• What this task involves: Each line from the opening of the material through the line holding "Photo 8 from" needs to be returned exactly, with the pictures left out.
Listed entries START
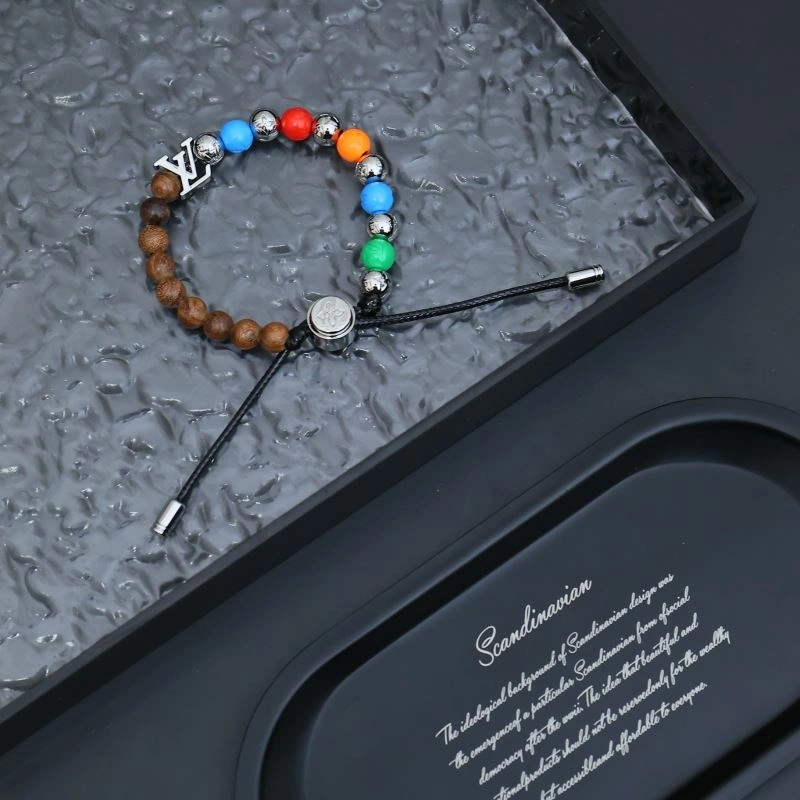 Compact Louis Vuitton Bracelets 256933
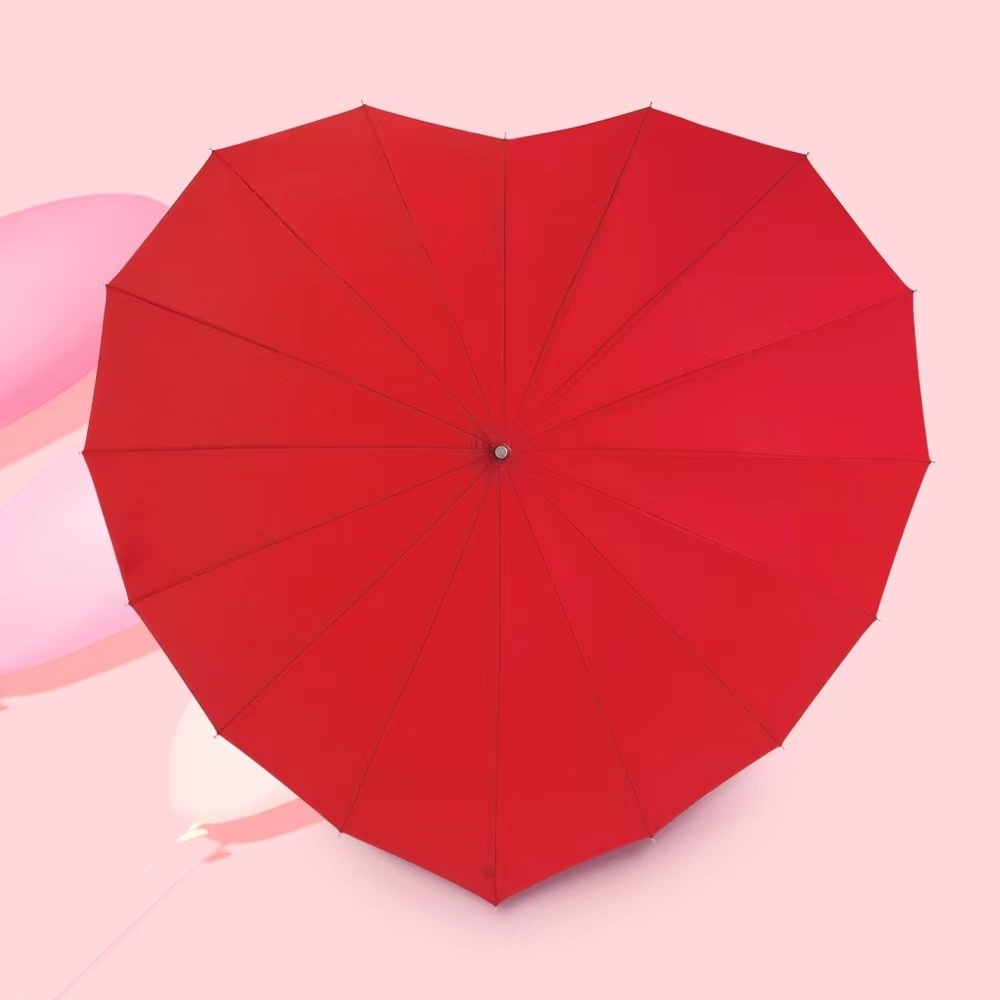 Wholesale magic umbrella red heart shape changing color umbrella with hook wooden handle for giveaways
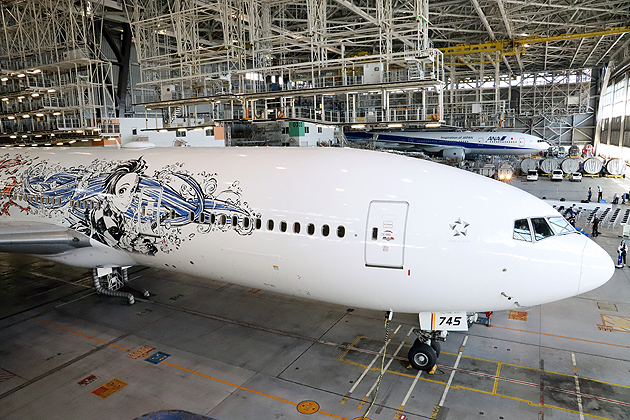 1/400 NGモデル ANA 鬼滅の刃ジェット 参号機 B777-200 1/400 NGモデル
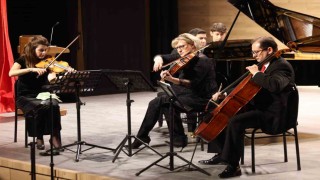 Odunpazarı Belediyesinin müzik grubu OPA QUADROdan etkileyici performans
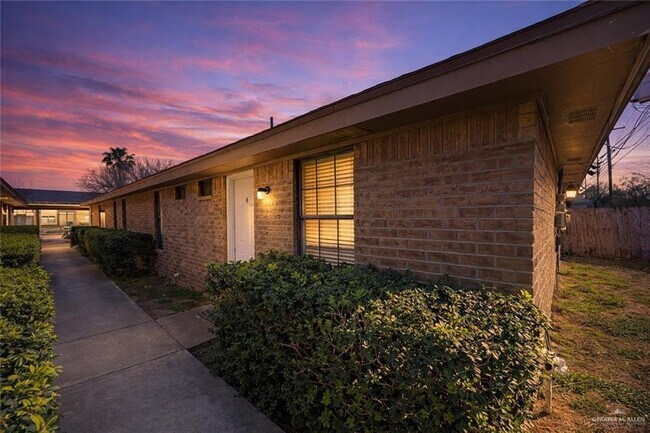 12 Gastel Cir Unidad F
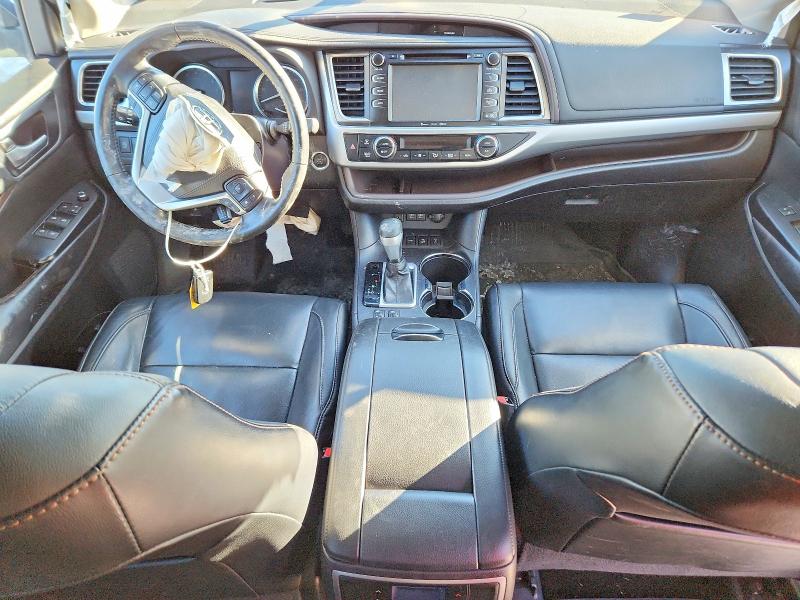 Photo 8 from auction – 2017 TOYOTA HIGHLANDER with VIN 5TDJZRFH9HS479412
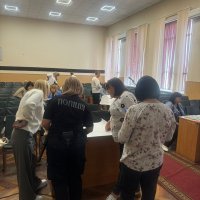 Учасники тренінгу виконують завдання в групах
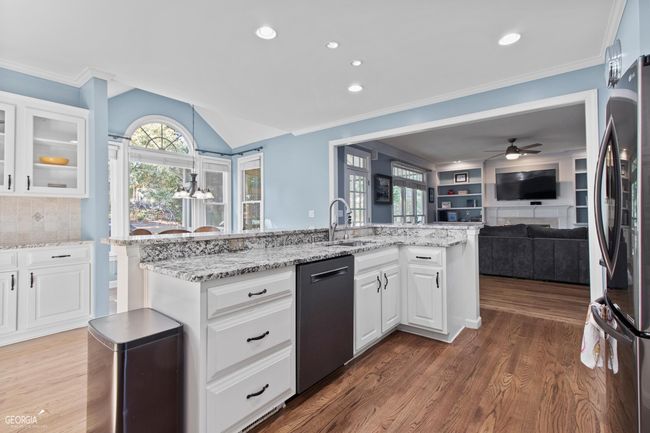 135 Colton Crest Dr, House other with 4 bedrooms, 4 bathrooms and 3 parking in Johns Creek GA | Image 17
Listed entries END
• Exercise solution:
 Compact Louis Vuitton Bracelets 256933
 Wholesale magic umbrella red heart shape changing color umbrella with hook wooden handle for giveaways
 1/400 NGモデル ANA 鬼滅の刃ジェット 参号機 B777-200 1/400 NGモデル
 Odunpazarı Belediyesinin müzik grubu OPA QUADROdan etkileyici performans
 12 Gastel Cir Unidad F
 Photo 8 from auction – 2017 TOYOTA HIGHLANDER with VIN 5TDJZRFH9HS479412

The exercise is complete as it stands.